What is a patent appeal?

Chris: The Patent Appeal Process is when the U.S. Patent Office first examines a patent application, they issue an office action that typically has at least some sort of rejection to the claims; although it could be just an allowance with all the claims. The prosecution process is called streamline prosecution, which means you get one chance to amend your claims. After you amend the claims, the U.S. Patent Office is either going to allow them or continue to reject. If they send a rejection, it’s typically marked 'final.' You have the chance to appeal at that point. You don't have to, but you get the chance.

What is a Patent Appeal Brief?


Chris: A Patent Appeal Brief is typically an appeal brief that's filed as part of your Patent Appeal process. It's a long document that itemizes all of what the applicant believes are the flaws in the Patent Examiner's decisions. It’s what a Patent Attorney in Michigan, or anywhere, monitors.

What is the content of a brief?

Chris: The content of the Patent Appeal Brief is divided into multiple sections. You outline pending claims and have to note the rejections outstanding on the record. Then you make arguments of why you think your claims are patentable. Ultimately, most of what we do as Patent Attorneys is make arguments why your claims are patentable. When you go to an appeal, you're making arguments with the examiner on where you don’t agree. You're taking it to the next level; to the patent board [1].

Any other options?

Chris: You don't have to appeal. You could amend your claims or you can abandon your claims. Either amend again, or you appeal. If you think you already amended your claims enough, or you don't want to amend your claims because you think they're already patentable over the art of record and the Patent Examiner doesn't agree; then you can go on to an appeal.

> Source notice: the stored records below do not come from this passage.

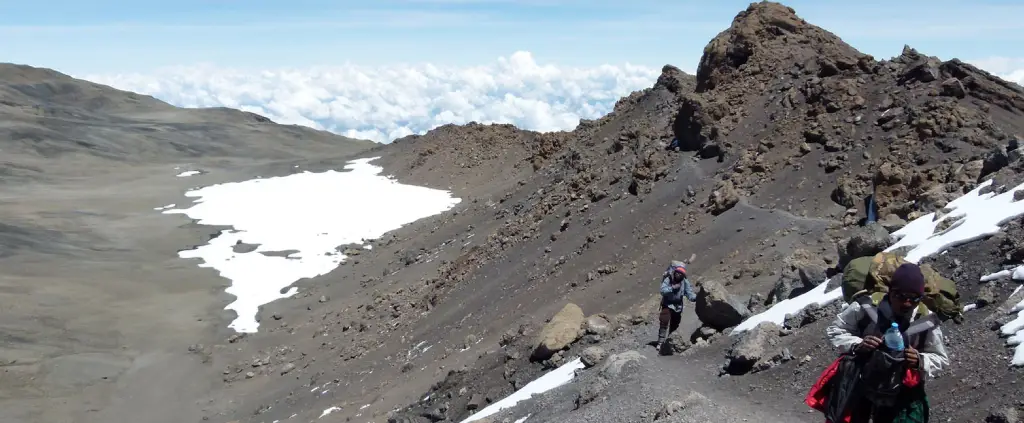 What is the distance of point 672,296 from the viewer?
11.8 m

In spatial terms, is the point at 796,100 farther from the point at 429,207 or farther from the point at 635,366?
the point at 429,207

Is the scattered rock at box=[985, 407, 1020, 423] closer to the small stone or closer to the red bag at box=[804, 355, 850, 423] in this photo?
the red bag at box=[804, 355, 850, 423]

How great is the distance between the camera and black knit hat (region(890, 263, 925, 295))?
496cm

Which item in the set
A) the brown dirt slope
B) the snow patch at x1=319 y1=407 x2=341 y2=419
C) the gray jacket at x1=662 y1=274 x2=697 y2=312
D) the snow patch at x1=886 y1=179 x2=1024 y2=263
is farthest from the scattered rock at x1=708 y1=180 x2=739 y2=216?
the brown dirt slope

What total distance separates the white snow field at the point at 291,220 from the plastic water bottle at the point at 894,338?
2533 centimetres

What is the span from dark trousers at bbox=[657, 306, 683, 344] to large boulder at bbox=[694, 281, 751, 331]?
381 mm

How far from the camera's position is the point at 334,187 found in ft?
191

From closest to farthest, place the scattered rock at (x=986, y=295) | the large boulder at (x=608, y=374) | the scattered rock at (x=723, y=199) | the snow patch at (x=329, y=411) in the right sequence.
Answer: the scattered rock at (x=986, y=295) → the large boulder at (x=608, y=374) → the snow patch at (x=329, y=411) → the scattered rock at (x=723, y=199)

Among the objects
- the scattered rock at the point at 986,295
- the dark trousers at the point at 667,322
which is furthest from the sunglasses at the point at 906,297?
the dark trousers at the point at 667,322

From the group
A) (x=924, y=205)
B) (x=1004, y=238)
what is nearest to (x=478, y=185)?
(x=924, y=205)

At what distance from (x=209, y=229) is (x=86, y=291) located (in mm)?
13209

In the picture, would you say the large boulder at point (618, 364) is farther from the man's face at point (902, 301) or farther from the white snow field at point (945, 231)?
the man's face at point (902, 301)

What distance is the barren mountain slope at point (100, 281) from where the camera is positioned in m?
22.7

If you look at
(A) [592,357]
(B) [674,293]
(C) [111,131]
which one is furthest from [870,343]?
(C) [111,131] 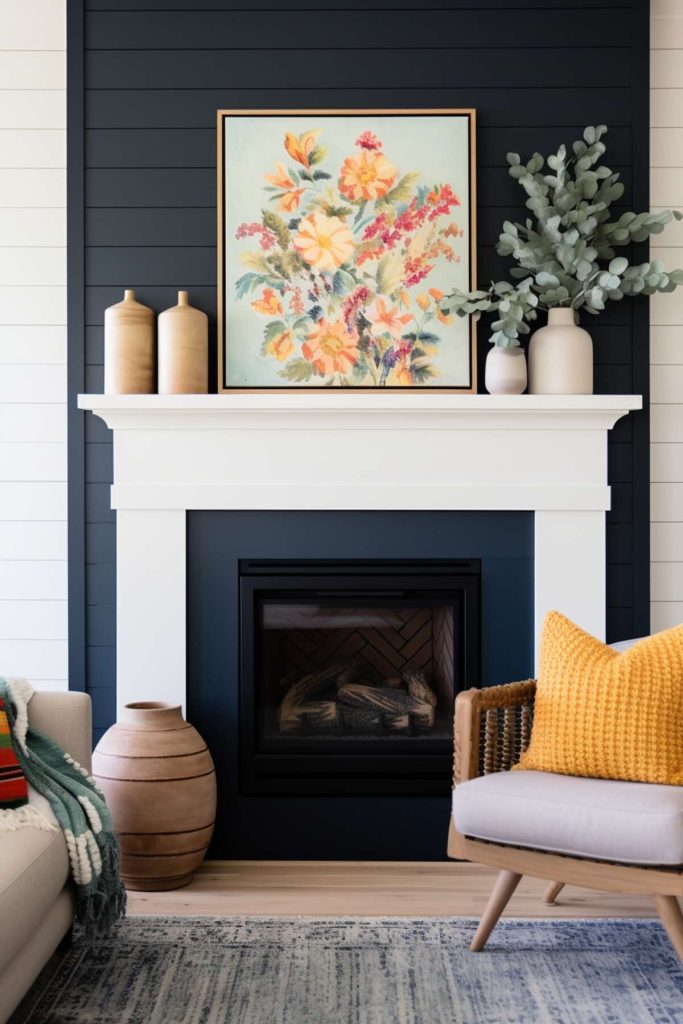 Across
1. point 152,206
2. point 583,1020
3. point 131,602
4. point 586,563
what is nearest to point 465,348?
point 586,563

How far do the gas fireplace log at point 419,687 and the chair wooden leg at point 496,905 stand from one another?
0.84 metres

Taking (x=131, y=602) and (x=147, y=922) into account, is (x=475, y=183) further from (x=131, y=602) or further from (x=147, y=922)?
(x=147, y=922)

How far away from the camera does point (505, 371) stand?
2990mm

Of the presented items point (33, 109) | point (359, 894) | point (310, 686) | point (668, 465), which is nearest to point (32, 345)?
point (33, 109)

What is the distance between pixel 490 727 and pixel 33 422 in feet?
5.71

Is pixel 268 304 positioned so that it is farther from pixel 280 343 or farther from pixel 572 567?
pixel 572 567

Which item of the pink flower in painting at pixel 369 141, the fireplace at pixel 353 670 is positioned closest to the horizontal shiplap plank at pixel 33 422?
the fireplace at pixel 353 670

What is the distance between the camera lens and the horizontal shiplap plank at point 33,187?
3.16m

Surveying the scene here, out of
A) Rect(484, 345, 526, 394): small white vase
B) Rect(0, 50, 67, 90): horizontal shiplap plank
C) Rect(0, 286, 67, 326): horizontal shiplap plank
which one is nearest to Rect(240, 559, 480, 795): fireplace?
Rect(484, 345, 526, 394): small white vase

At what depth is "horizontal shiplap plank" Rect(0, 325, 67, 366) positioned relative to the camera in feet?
10.4

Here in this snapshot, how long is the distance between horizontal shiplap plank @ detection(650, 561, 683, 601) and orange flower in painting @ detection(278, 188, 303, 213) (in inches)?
63.5

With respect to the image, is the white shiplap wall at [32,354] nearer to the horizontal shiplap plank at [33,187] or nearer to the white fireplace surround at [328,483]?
the horizontal shiplap plank at [33,187]

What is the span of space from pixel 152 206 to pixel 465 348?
1.09 metres

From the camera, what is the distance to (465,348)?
10.1 feet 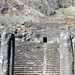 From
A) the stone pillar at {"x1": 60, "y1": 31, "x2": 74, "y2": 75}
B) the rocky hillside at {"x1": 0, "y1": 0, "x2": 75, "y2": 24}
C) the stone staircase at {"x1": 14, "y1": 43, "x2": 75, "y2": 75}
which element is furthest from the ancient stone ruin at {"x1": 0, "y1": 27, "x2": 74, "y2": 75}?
the rocky hillside at {"x1": 0, "y1": 0, "x2": 75, "y2": 24}

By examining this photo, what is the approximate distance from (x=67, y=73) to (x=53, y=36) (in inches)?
826

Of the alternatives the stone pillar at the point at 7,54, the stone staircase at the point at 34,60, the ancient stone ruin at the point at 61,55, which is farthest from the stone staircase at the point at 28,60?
the ancient stone ruin at the point at 61,55

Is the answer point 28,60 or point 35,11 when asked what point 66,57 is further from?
point 35,11

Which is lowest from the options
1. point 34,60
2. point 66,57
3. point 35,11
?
point 34,60

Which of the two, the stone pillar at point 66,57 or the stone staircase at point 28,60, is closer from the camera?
the stone pillar at point 66,57

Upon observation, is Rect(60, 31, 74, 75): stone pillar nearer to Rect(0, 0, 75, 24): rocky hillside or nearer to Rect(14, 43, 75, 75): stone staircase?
Rect(14, 43, 75, 75): stone staircase

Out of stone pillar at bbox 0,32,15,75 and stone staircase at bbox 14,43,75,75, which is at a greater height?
stone pillar at bbox 0,32,15,75

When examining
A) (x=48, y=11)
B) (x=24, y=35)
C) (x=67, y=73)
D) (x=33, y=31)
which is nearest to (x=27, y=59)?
(x=67, y=73)

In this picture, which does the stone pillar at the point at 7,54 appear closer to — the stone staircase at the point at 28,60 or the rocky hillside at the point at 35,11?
the stone staircase at the point at 28,60

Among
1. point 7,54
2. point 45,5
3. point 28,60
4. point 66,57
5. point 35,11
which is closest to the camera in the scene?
point 66,57

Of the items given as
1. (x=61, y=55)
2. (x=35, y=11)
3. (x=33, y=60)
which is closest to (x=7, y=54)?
(x=61, y=55)

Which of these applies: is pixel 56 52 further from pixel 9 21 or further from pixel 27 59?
pixel 9 21

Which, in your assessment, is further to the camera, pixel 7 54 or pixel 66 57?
pixel 7 54

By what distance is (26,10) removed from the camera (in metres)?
58.8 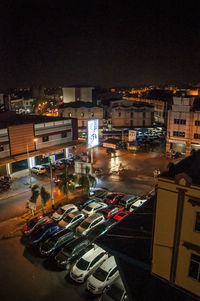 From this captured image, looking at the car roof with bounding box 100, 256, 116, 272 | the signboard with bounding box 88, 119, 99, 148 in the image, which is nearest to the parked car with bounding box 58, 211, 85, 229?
the car roof with bounding box 100, 256, 116, 272

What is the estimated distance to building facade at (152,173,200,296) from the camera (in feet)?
25.0

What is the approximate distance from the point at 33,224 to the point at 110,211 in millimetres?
6296

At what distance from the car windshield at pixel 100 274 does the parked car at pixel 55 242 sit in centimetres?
376

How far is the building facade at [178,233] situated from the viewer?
7.62 meters

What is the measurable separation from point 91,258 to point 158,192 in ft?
27.2

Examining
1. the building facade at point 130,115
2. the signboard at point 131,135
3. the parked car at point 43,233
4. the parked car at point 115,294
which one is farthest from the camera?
the building facade at point 130,115

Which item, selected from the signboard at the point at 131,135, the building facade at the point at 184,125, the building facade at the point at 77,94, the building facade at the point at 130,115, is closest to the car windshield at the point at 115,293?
the building facade at the point at 184,125

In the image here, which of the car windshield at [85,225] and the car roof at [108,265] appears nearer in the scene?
the car roof at [108,265]

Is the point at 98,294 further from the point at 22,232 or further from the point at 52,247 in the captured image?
the point at 22,232

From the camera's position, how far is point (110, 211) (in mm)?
19797

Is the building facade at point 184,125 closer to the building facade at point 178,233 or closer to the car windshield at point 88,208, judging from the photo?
the car windshield at point 88,208

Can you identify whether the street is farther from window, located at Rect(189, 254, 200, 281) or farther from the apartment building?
window, located at Rect(189, 254, 200, 281)

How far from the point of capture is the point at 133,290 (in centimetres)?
980

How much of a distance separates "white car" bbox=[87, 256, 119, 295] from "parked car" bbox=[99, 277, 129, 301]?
0.36m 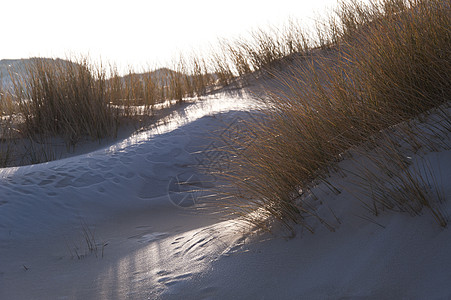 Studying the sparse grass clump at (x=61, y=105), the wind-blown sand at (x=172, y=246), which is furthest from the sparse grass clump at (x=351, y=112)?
the sparse grass clump at (x=61, y=105)

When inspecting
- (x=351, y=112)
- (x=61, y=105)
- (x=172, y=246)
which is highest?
(x=61, y=105)

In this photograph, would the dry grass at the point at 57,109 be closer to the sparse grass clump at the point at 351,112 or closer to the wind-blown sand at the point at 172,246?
the wind-blown sand at the point at 172,246

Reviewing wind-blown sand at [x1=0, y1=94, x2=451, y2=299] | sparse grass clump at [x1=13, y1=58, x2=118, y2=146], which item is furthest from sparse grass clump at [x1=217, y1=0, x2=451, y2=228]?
sparse grass clump at [x1=13, y1=58, x2=118, y2=146]

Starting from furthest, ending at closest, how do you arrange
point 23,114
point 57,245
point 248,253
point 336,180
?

When do you decide to appeal?

Chris: That's an interesting question because you have to take one step back on that decision. We look at it after final rejection from the U.S. Patent Office and decide whether we're going to appeal. First, we need to amend the claims to get past the rejection for the art that's outstanding. If you don't need to amend the claims, then you're going to argue only after final rejection. But that is making a commitment to go to an appeal. If the Patent Examiner doesn't agree with you, you don't have the choice to go back to an RCE at that point because you haven't made a claim change.

The U.S. Patent Office changed the system examiners use. The Patent Examiner gets what they call a count for sending out the initial search, and another count for finalizing the case. In the old days, the examiner didn't get his final count until after the appeal was over. He had more leverage. Now they get the count for filing their examiner's answer. It makes it easier for them to make their quota. When I say 'count,' that's not the same thing as a count in a patent interference. A count in this sense is the Patent Examiner's internal quota system. They have to get so many counts per pay period, per quarter and per year. In a patent interference, the count is the conflicting subject matter between the two; the issued patent and the competing application.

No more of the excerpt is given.